Abstract

Although paroxysmal atrial fibrillation (AF) is known to be initiated by rapid firing of pulmonary veins (PV) and non-PV triggers, the crucial role of cardiac autonomic nervous system (ANS) in the initiation and maintenance of AF has long been appreciated in both experimental and clinical studies. The cardiac intrinsic ANS is composed of ganglionated plexi (GPs), located close to the left atrium-pulmonary vein junctions and a vast network of interconnecting neurons. Ablation strategies aiming for complete PV isolation (PVI) remain the cornerstone of AF ablation procedures. However, several observational studies and few randomized studies have suggested that GP ablation, as an adjunctive strategy, might achieve better clinical outcomes in patients undergoing radiofrequency-based PVI for both paroxysmal and nonparoxysmal AF. In these patients, vagal reactions (VR) such as vagally mediated bradycardia or asystole are thought to reflect intrinsic cardiac ANS modulation and/or denervation. Vagal reactions occurring during cryoballoon- (CB-) based PVI have been previously reported; however, little is known on resulting ANS modulation and/or prevalence and significance of vagal reactions during PVI with the CB technique. We conducted a review of prevalence, putative mechanisms, and significance of VR during CB-based PVI.

1. Introduction

Paroxysmal atrial fibrillation (AF) is known to be initiated by rapid firing of pulmonary veins (PVs) and non-PV triggers [1, 2]. In parallel, the crucial role of cardiac autonomic nervous system (ANS) in the initiation and maintenance of atrial fibrillation (AF), especially paroxysmal AF, has long been appreciated in both experimental and clinical studies [38]. Indeed, stimulation of cardiac ANS may induce AF in both animals and humans [38]. Conversely, parasympathetic nerve denervation has been demonstrated to prevent induction of AF in canine study [9, 10].

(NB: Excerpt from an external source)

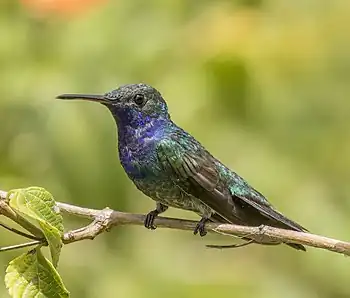 Image 29Sapphire-throated hummingbirdPhotograph credit: Charles James SharpThe sapphire-throated hummingbird (Chrysuronia coeruleogularis)  is a shiny, metallic-green hummingbird found in Panama, Colombia, and Costa Rica. During flight, hummingbirds have one of the highest metabolic rates among small birds and therefore need to eat more than their own weight of nectar each day to avoid starvation; insects and spiders are also consumed for added protein. Males are polygamous, and after mating play no part in nest-building or rearing the young. This male sapphire-throated hummingbird was photographed in the gardens of Biomuseo, a natural-history museum in Panama City designed by Frank Gehry.More selected pictures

The cardiac intrinsic ANS is composed of ganglionated plexi (GPs) and a vast network of interconnecting neurons [7, 11]. The major left atria GPs are located in epicardial fat pads at 4 preferential locations close to the left atrium-pulmonary vein (PV) junctions: superior left GP, inferior left GP, anterior right GP, and inferior right GP [7, 11]. The ganglionated plexi act as an integration and interconnection system between the cardiac extrinsic ANS nerves, originating from the central ANS and reaching the heart through the mediastinum, and the rest of the intrinsic cardiac ANS, the so-called “atrial neural network” [7, 11].

Ablation strategies targeting the PV and aiming for complete PV isolation (PVI) remain the cornerstone of AF ablation procedures [12]. Radiofrequency is the conventional energy source used by cardiac electrophysiologists to achieve PVI [12]. However, the cryoballoon (CB) technique has also been validated as a safe and valuable tool in order to achieve PVI and represents an alternative to radiofrequency [1218].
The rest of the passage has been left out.